El casco antiguo conserva su caserío histórico, severos y sencillos edificios dieciochescos protegidos bajo el aura monástica, mejor preservados cuanto más cerca del monasterio. La calle de Floridablanca, separada por un biombo de casas del solemne monumento, sirve de animado aliviadero para la vida social, que hoy es turística y políglota. Tras los ventanales de la cafetería del hotel Miranda-Suizo, un clásico de la hostelería escurialense, los turistas foráneos de indumentaria descuidada y greñas inmisericordes han sustituido a la provecta y atildada clientela veraniega y autóctona que emigra con los primeros fríos de septiembre, cuando la villa celebra sus fiestas y romerías para despedir a la colonia veraneante con devoción y protocolo. Los más viejos del lugar observan con tristeza cómo el protocolo se pierde y la burda tracción mecánica sustituye a la animal en el tiro de los tronos y las carrozas procesionales.

San Lorenzo es villa turística y monumental, en detrimento de su cabaña ganadera, que se consume en gastronómicas hecatombes, carnes rojas de la sierra sobre las parrillas humeantes que ofrecen generosos holocaustos en un rosario de mesones, restaurantes y tabernas, un vía crucis alegre y profano con algunos hitos memorables. La cultura profana tiene su templo principal en el Real Coliseo de Carlos III, recuperado en todo su primor de bombonera cortesana y gentil. Lo urbano se impone a lo rural en el cogollo central de San Lorenzo. Las hojas caídas alfombran de bronce la calle de Floridablanca y la plaza Mayor, empequeñecida, inevitablemente acomplejada por las agujas de las torres del monasterio omnipresente.
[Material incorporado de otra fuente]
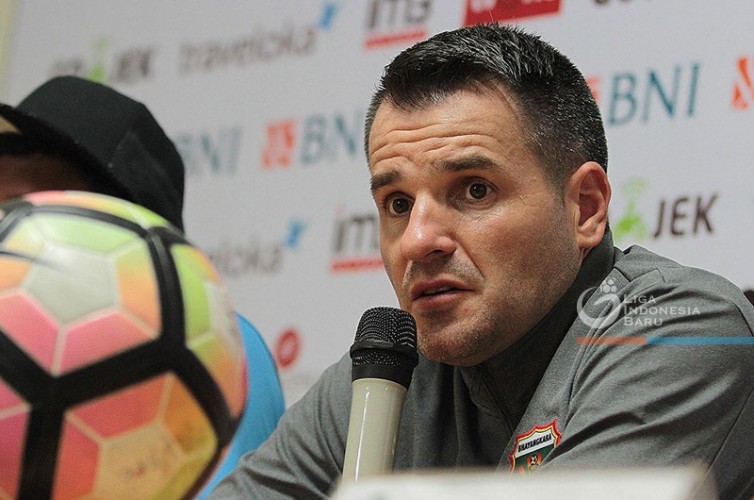 Bhayangkara FC Gagal ke-8 Besar Piala Presiden, Simon McMenemy Kritik Pemainan Keras Arema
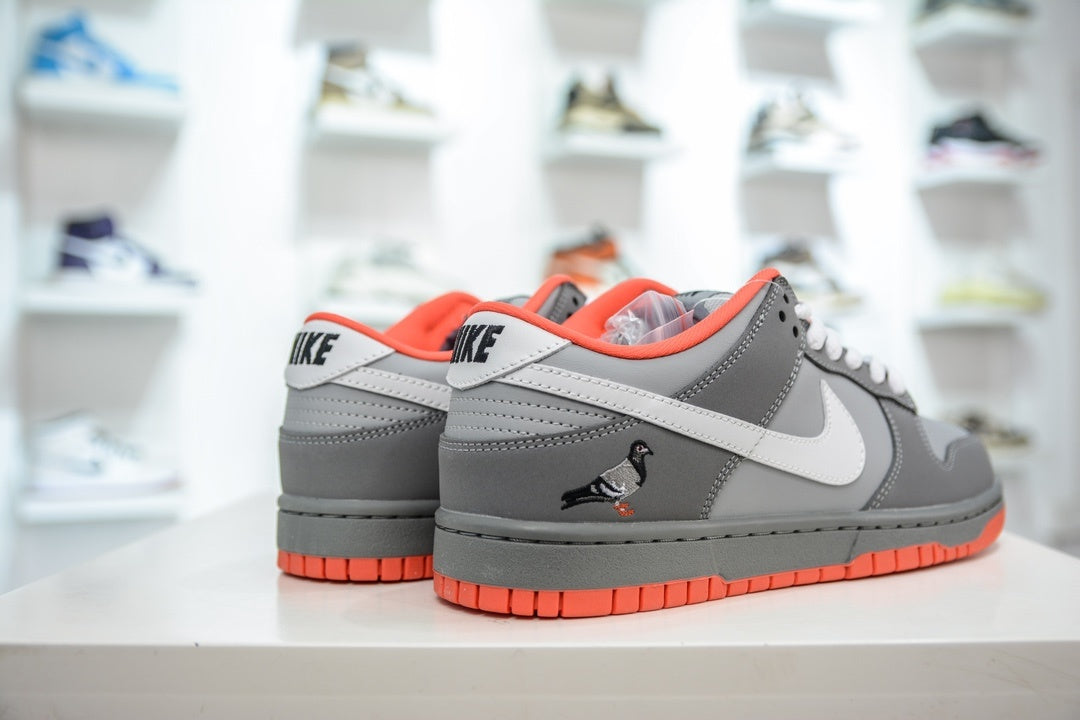 STAPLE x NIKE SB DUNK LOW NYC PIGEON - traseira em ângulo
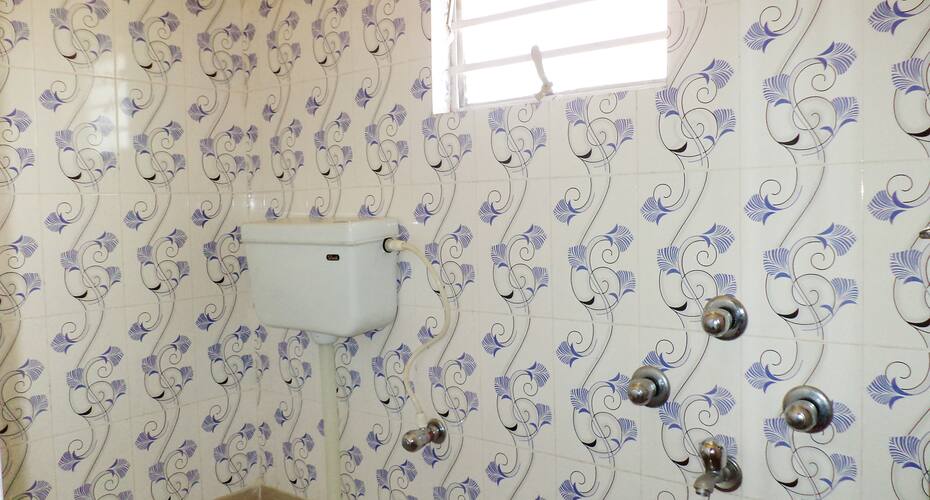 Madhab Guest House, Siliguri 4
Viajeros de otras latitudes asaltan, por ejemplo, los vetustos comedores de la antigua posada de las Ánimas, un caserón intacto transformado en restaurante que conserva su traza de siglos y ofrece en su carta vestigios de pasadas épocas, como las sopas de boda y los postres tradicionales. En la fachada de una taberna hay una lápida que recuerda el hermanamiento entre San Lorenzo de El Escorial y la localidad francesa de San Quintín. El monasterio fue edificado para conmemorar el triunfo de las armas españolas en la batalla del mismo nombre, pero los siglos han borrado los enfrentamientos y acercado los pueblos.

Antes o después de perderse en los sagrados y herméticos laberintos del monasterio, los turistas se desperdigan por las calles de la villa, impregnadas por el ancestral aroma de la leña quemada de los hornos y los dulzones efluvios de las confiterías, un gremio que cuenta aquí con dignos representantes y especialidades de fuste, como los suspiros. La austeridad impenitente del rey Felipe, desmentida a cada paso por los placeres sencillos de la comida y la bebida.

Dentro del recinto monacal se refugia un colegio interno e la orden agustiniana fundado por Alfonso XII, y en el verano, en el hotel del mismo nombre, escondido entre las breñas del monte, abre sus aulas la Universidad de Verano. Como en los viejos tiempos, acuden a El Escorial embajadores, sabios y dignatarios de lejanos países que presentan sus credenciales en las aulas pobladas por una multitud de alumnos expectantes. En verano, los jardines de algunas villas se transforman en discotecas al aire libre que perturban el descanso nocturno de los residentes, pero acogen el ocio y las ganas de vivir de los pobladores más jóvenes y sus huéspedes.

Los jóvenes nativos siguen la tradición de sus mayores dedicándose al oficio de la hostelería. En invierno, la vida nocturna se recoge en pequeños pubs. La historia continúa, los gurriatos afrontan su secular destino de servir, sin perder su orgullosa condición, a sus visitantes, llenando sus estómagos a la par que sus retinas, ahítas de las maravillas, a veces inquietantes, que guarda el hermético recinto escurialense.